Friday, January 16, 2009

Broken In a Good Way

I was recently listening to Jeremy Riddle's version of "Sweetly Broken". So nice. It hit home for me. I am broken, and not just because I am poop, but also a holy brokeness. God has shown me what needs to be given up...given to Him.

He has, in the last 48 hours, told me more than I knew all semester. Where am I going with this life I've been given? How am I living it? What good am I doing in the world? How will that good be multiplied and save people not only from themselves, but from making the poor decision to send themselves to Hell?

My new motto in life is thus: " Lord, use me or take me home. "

I no longer wish to live for myself. I've been down that road. I have known the utter solitude of my emptiness way too long. I'd drink because I'd think and almost feel like it would be fun and fulfilling...like it would fill that strange emptiness I've felt...and I feel that way almost always. And I have fun! I drink and I feel good...but then I sober up, and it's back to that weird, horrible feeling again. So I used to just ignore it and fill my mind with ideas and beliefs that support the cause of self-fulfillment and personal advancement. I never wanted to feel that scarey, awkward feeling that I was doing something wrong to myself. I kept pursuing those nights of sexual gratification and drunkeness almost to a point of feeling sorry for myself and feeling completely lost. I was a nobody, and I was going nowhere in particular.

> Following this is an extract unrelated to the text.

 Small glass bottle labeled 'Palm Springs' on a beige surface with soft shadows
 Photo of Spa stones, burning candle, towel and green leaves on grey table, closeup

If that's ANYTHING close to you, reader, please consider that I may not be totally insane on this whole "religion" thing. I may have found something that used to be the focal point of many drunken nights of mockery and teasing. What is it that I have, that you may not? Denial. No, not that, I'm saying that you just might be doing that again. You are denying yourself the opportunity to break out of that cage of repeating self-torture WITHOUT pleasure. Stop lying to yourself, be open-minded and really give it a shot. Surrender to Christ.

Jesus is not a slave driver. God doesn't force people to love Him, because if He did, YOU'D be His subject as well! He is not a mean God that enjoys zapping people when they do wrong. God does not, when His child, punish you because you failed to live up to His holy expectations. God is love...but God is Just.

I can go on and on. and God knows I want to. If this intrigues you AT ALL, FOR ANY DARN REASON, PLEASE contact me. Ask me some questions. Get angry at me if you want.

I'm done. May God bless you, dear readers, with the Truth that burns deep into hearts and minds, and may He bless you with understanding.